Individualized cancer screening is a timely topic. Most influential guidelines now emphasize taking a patient-centered approach in screening decisions. For example, the U.S. Preventive Services Task Force (USPSTF) breast cancer screening guidelines explicitly recommend individualizing decisions for mammography in women ages 40-49 years.1 For some cancer types, such as prostate cancer, opting to screen at all is a difficult choice.2,3
To individualize preventive care, shared decision making (SDM) has been advocated as the preferred practice,4 particularly when screening decisions are a close call.5 SDM involves many layers for successful implementation,6 and today’s health professions students will be expected to routinely integrate SDM into their future practices. Even though this team-based learning (TBL) activity is not explicitly focused on teaching students SDM, the activity addresses one of the core requirements of successful use of SDM: the clinician’s expertise.7 To adequately counsel patients in SDM, clinicians need to know what choices patients face, evaluate the available scientific evidence, and adapt that evidence to a single patient.7
As they near graduation, most health professions students have adequate clinical experience to understand the role of screening in preventive health care. While these students have likely witnessed preceptors providing preventive health services, they may not have considered the potential risks of cancer screening or critically appraised the guidelines. Furthermore, based on our experiences, we have found they are not prepared to counsel real-life patients in the face of uncertainty about cancer screening. Hence, we introduced the topic of individualized cancer screening to a fourth-year medical student audience to teach broader lessons about individualizing decisions in patient care. This TBL activity uses three close-call cases for cancer screening to provide students with an authentic opportunity to critically appraise evidence and make difficult decisions.
The topic of individualizing cancer screening appears particularly suited for discussion in a TBL format. TBL relies on a constructivist-oriented framework for adult learning.8 In essence, constructivist learning requires that the instructor provide students with opportunities to approach familiar problems in a new light, to examine inconsistencies between existing knowledge and new schemas, and to reflect on these disconnects.8 This cancer screening TBL capitalizes on the students’ familiarity with existing guidelines, but it pushes them to apply those guidelines in complex scenarios, thereby expanding and reexamining the students’ views on screening. Students who have already had a diversity of clinical experiences further enrich the dialogues as they debate whom to screen.
In preparation for this session, we were unable to locate any TBL activities focused specifically on individualizing cancer screenings. There are various tools within MedEdPortal that promote patient communication and SDM, but none of these applied to the key preventive service of cancer screening.

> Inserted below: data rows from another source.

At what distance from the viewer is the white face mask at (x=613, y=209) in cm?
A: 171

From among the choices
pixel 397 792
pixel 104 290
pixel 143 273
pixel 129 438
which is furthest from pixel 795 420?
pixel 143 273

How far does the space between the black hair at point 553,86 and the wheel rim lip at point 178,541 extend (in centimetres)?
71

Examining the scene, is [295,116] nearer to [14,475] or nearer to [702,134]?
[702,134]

We were able to locate two resources specific to breast cancer, including modules dealing with disparities in breast cancer care9 and advanced treatment options,10 as well as a module on small-group sessions on cancer genetics.11 However, none of these resources delved deeply into the currently available evidence on cancer screenings, nor did they require students to interpret and apply that evidence to actual patient scenarios in the TBL format.

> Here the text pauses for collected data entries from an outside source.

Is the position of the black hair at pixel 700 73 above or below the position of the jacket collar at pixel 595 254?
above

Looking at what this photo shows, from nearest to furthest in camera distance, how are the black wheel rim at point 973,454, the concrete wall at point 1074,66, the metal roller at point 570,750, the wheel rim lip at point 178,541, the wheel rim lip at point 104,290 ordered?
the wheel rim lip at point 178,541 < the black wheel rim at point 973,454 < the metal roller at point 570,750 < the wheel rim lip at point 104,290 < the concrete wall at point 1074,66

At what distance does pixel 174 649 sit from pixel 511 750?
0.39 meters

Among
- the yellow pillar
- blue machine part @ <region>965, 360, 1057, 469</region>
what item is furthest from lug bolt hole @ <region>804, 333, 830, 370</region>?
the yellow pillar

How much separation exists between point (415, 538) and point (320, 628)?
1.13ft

For the 2015-16 academic year, this TBL was a required session on the 4-week ambulatory medicine rotation at the Medical College of Wisconsin. On the ambulatory medicine rotation, students predominantly rotate through outpatient internal medicine and medicine-pediatrics primary care, as well as specialty clinics. Each rotation consists of 12 to 18 students. Four half-days are dedicated to didactic activities such as TBLs. Throughout the rotation, students also have 4 to 8 half-days of reading time to prepare for TBL sessions.
To successfully implement this session, the following resources are required:
- Classroom with tables arranged to allow for groups of three to six students.
- One large flipboard with markers at each group table.
- Paper copies of the case vignettes (Appendix A), one copy per student.
- Annotated facilitator guide to case vignettes (Appendix B), one copy per facilitator.
- Audiovisual support to display the PowerPoint presentation (Appendix C).
- Personal tablet devices or laptops for each student. We conducted our readiness assurance tests (RATs) using our institution’s online learning platform’s quiz function (Desire2Learn, www.d2l.com). We also allowed students to access their readings and other electronic resources during the application exercises. Thus, we required students to bring their own devices.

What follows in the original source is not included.